Look up the "standard of review" on appeal, and think of ways to frame the Statement of Decision to force your opponent to meet one of the more difficult standards of review. Issues of law are reviewed de novo, while issues of fact are reviewed under the “substantial evidence” rule – which is very deferential to the trial court and rarely results in reversal. So on disputed issues, have the trial judge make findings of fact rather than (or in addition to) rulings on contested legal issues. This could force your opponent into the “substantial evidence” standard of review, where it is really tough to get a reversal.
And here’s my favorite: when I'm asked to help draft a Statement of Decision, I try to include a finding that our opponent’s client lied on the witness stand. I don’t say “lied”, I say “did not present credible testimony.” That pretty much demolishes any appellate argument based on the evidence – before any appellate brief is filed! And appellate justices don't like perjurers. Of course, it’s up to the trial judge to decide whether to buy that finding, but quite often she will, because she knows we are trying to help her avoid the embarrassment of a reversal.
What about the loser? Rule of Court 3.1590(f) allows the losing party to file objections to the proposed Statement of Decision. Most losers take this opportunity to launch a full-scale attack on every part of the proposal. Big mistake. You seldom get very far by rearguing what you already argued at trial and lost. If the judge’s tentative decision finds that she believed the other guy’s evidence and not yours, it’s usually too late to talk her out if it. If her tentative rejects your legal reasoning and adopts your opponent’s, you have little chance of changing her mind now.

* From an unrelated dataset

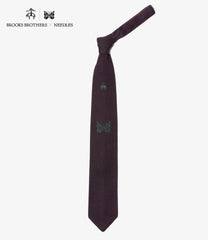 〈NEEDLES〉 x 〈BROOKS BROTHERS〉Emb. Silk Knit Tie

But elaborate objections can hurt you more than simply wasting time and paper. They can weaken your chance of winning the appeal! If you point out errors in fact, in law, or in reasoning, you are simply giving your opponent and the judge a chance to fix them in the final Statement of Decision – thereby depriving you of the chance to make these points in the appellate court! In fact, your duty to object is quite limited. Most cases hold that you waive nothing by failing to file any objections. Only a handful of reported cases found a waiver – where the loser failed to tell the trial court that the proposed statement of decision said nothing about a disputed material issue. See 7 Witkin, California Procedure, Trial, §404.
Back to the winner. When the loser does file elaborate objections, most attorneys instinctively want to fight every objection. Swallow that instinct. Instead, revise the proposed statement of decision to satisfy every objection you can without giving away the store. This will block the loser from making those same arguments on appeal.
Strategic thinking. That's what wins cases - and appeals.